GTS Expedition Seat ($228)
http://www.surftosummit.com/gts-expedition-molded-foam-kayak-seat-fishing-pack-p-1918.html?cPath=299_294_325

I plan on getting one of these on March 28......got bills to pay with the upcoming paycheck before I start purchasing kayak stuff again. LOL.

Thanks


----------



## Bowhunter57 (Feb 9, 2011)

Some good looking seats there...with some serious price tags.
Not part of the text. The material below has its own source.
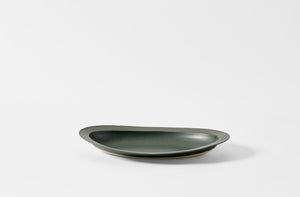 Christiane Perrochon bottle green rimmed oval dish.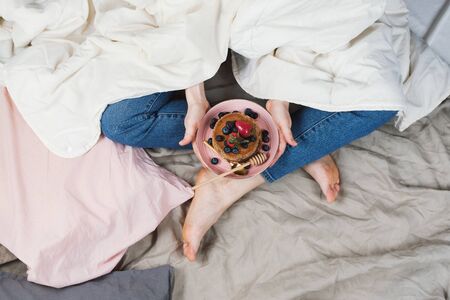 Top view of woman in jeans and white shirt in her bed in a blanket holding vegan whole-wheat pancakes with berries, selective focusの写真素材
I've got to do something with my seat too and I've decided to put a turkey hunting seat in it. There are several models, designs, etc. and you may have to look/shop to find exactly what you want in your kayak.
[ame="http://www.amazon.com/Beard-Buster-Glassing-Chair-Breakup/dp/B008F68DQE/ref=sr_1_25?ie=UTF8&qid=1362969919&sr=8-25&keywords=turkey+hunting+seat"]Amazon.com: Beard Buster Glassing Chair (Camo/New Mossy Oak Breakup): Sports & [email protected]@[email protected]@http://ecx.images-amazon.com/images/I/[email protected]@[email protected]@51KEG0gdwvL[/ame]

I've sat in one of these, inside a kayak and it will get the job done...and for a lot less money. Just the same, get what you want. 

Bowhunter57


----------



## Ken G (Apr 9, 2004)

Surf to Summit is not an Ocean Kayak brand. If you have the cash go with the GTS Expedition, your backside and legs will appreciate it. I have a GTS Elite (I think) that I bought in Florida a few years ago. I paid $150.00 at a shop near St. Pete. It is well worth it. I also have a self inflating pad that I put under it since I suffer from the "Hank Hill diminished gluteus disease", ie. I have no ass. If I sit too long on the kayak my legs will sometimes go numb. I generally try to move around quite a bit and I even sit straddling the kayak with my feet in the water providing the sharks stay away. And for what its worth I paddle a Malibu X-Factor.


----------



## rustyfish (Apr 27, 2004)

Wow jarb, are all of your post on this site going to be illegible advertisements for your store? 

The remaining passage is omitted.